Just remember that not everybody is your customer. “What’s that supposed to mean? I need anyone that I can get, right?” Depending on what you provide, there will always be a target customer. By now, your market research and business plan should have given you a clear picture of your ideal customer’s profile. The profile is particularly important when you’re using marketing techniques. 

Cultivate everlasting business relationships.
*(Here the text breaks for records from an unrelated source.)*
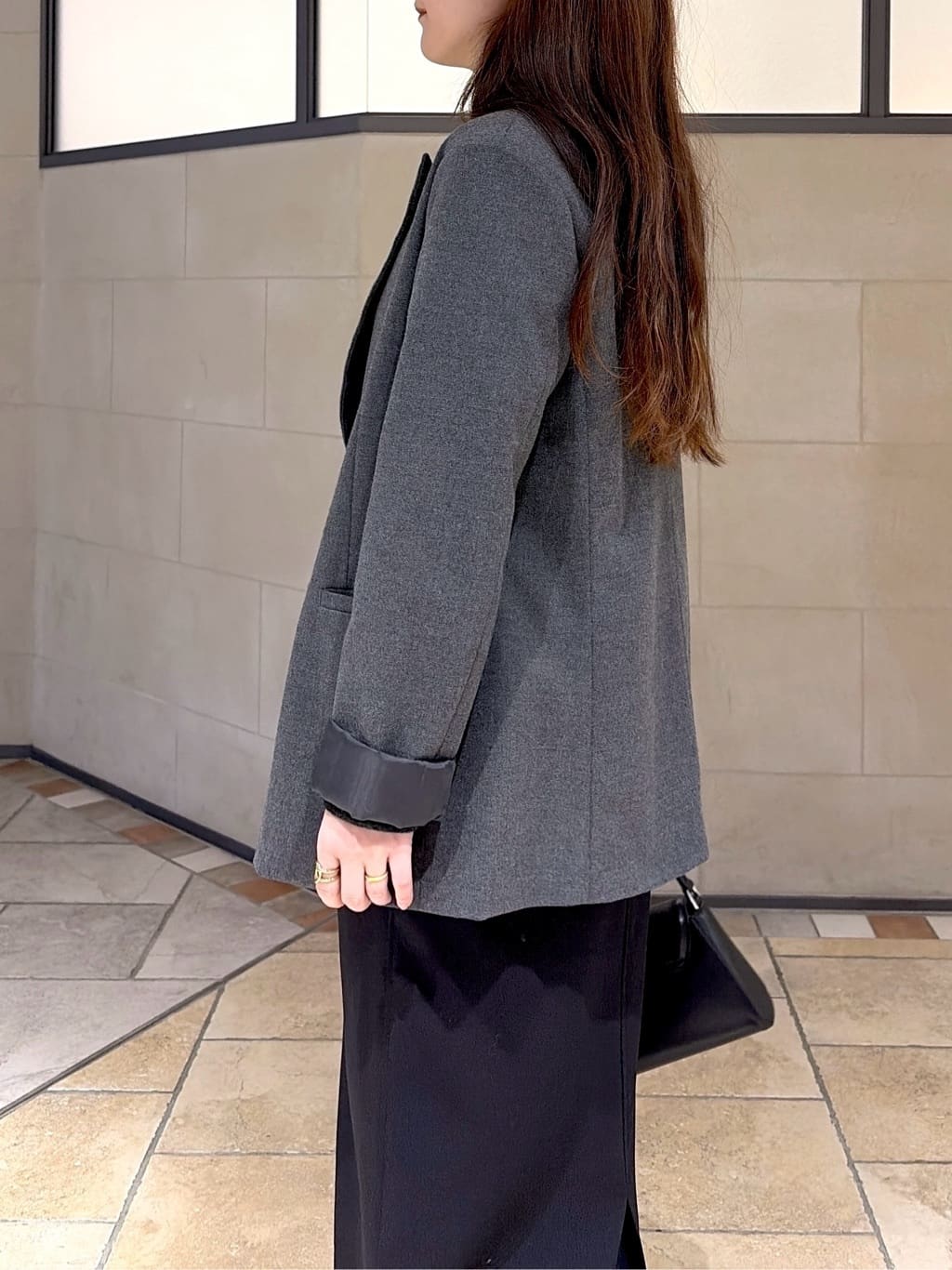 よねさんの「INDIVI｜オフショルカットソー」を使ったコーディネート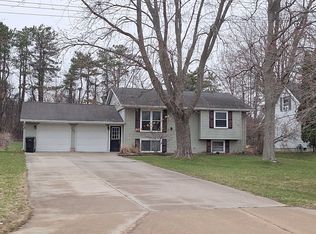 5667 Landsburg Rd, Fennville, MI 49408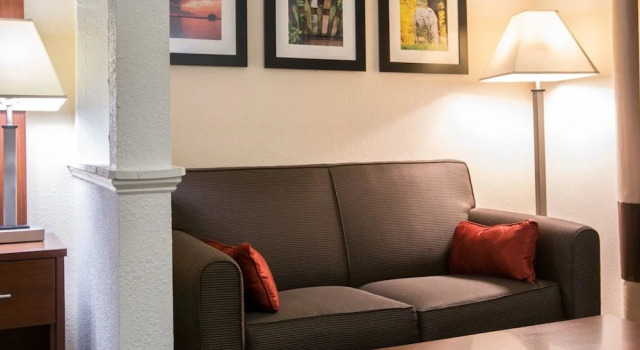 Двухместный номер Standard Comfort Suites Cumming-Atlanta near Northside Hospital Forsyth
Cultivate everlasting relationships.

2. Customer Retention 
As Tim Berry says, you might be mistreating your best clients. Are you exploiting the people who’ve been with you for a long time? Older/repeat customers deserve “the best rates and the best treatment”. You might be so focused on obtaining as many new customers as possible, that your reliable clients get sidelined.
This also goes in line with quality vs. quantity, i.e. managing business growth while maintaining your dedication & excellence. As your company expands, you might find that it’s difficult to pay as much attention to your clientele as you did in the beginning. If budget allows for it, perhaps you could eventually establish a team/department to manage customer support and service.
Essentially, you have to strike a balance. It’s usually the customer-centric enterprises that garner the most attention and positive results. This entails: exceeding your audience’s expectations; developing your products and services according to the customer’s needs and wants; and putting effort into fostering long-lasting relationships/partnerships/networks. The bottom line is: keep your customers happy, because the angry ones could spell disaster. 
3. Customer Expansion
Growing your customer base will always be a small business goal. Of course, the best way to expand the business is if you could sit back and do nothing – no marketing, no spending time or money… but how?
Well if you’re lucky, written testimonials and word-of-mouth referrals could go a long way in promoting your company. But for this you have to be more than exceptional and have great clients too. If you’re not that lucky (or that good), then here are some tips:
Show that you're professionals.

Show that you’re professionals.

a) Brand building in the face of tough competition – Differentiate yourself from competitors by: 
–> Establishing yourself as a leader/expert in your industry/field. Do this by writing articles, showcasing guest blog posts, publishing whitepapers and eBooks, creating video tutorials, etc.
–> Connecting with your customers. Social media (as we all know) has gotten a lot of hype for its effective marketing abilities. That’s because it’s quick, more personal, and efficient. Find out  which social networks your customers lounge on, reach out to them there, and provide them with useful/interesting content. Respond to all customer queries AND negative posts, and use the social platforms to build your reputation. 
b) Incentivize, reward, expand – Everyone loves a prize or a discount. Motivate your current clients to buy, and invite new ones to try out your products/services, by offering:
–> Social media contests
–> Daily deals (through sites like Groupon)
–> Special rates for a limited time, through your website or other online profiles 
4. Customer Deletion 
I had to add this section, because no matter how large and successful your business becomes, there will always be customer loss. Sometimes, though, it’s not your fault. It’s theirs.
Bin the bad customers.

Bin the bad customers.

There are customers that just not worth the time, effort, and resources that you spend on them. Getting rid of customers might sound like a ridiculous idea for a small business, but at some point, you might change your mind.
Clients from hell always seem to crop up, no matter how hard we try to avoid them. If a customer is being a ‘certified orifice’, then maybe it’s time to let go. So how does one do that?
“Consider changing your pricing or policies, perhaps, to allow the clients who are hardest to manage to fall gently out of your client base…”
– – –
And there you go. Time to start selling.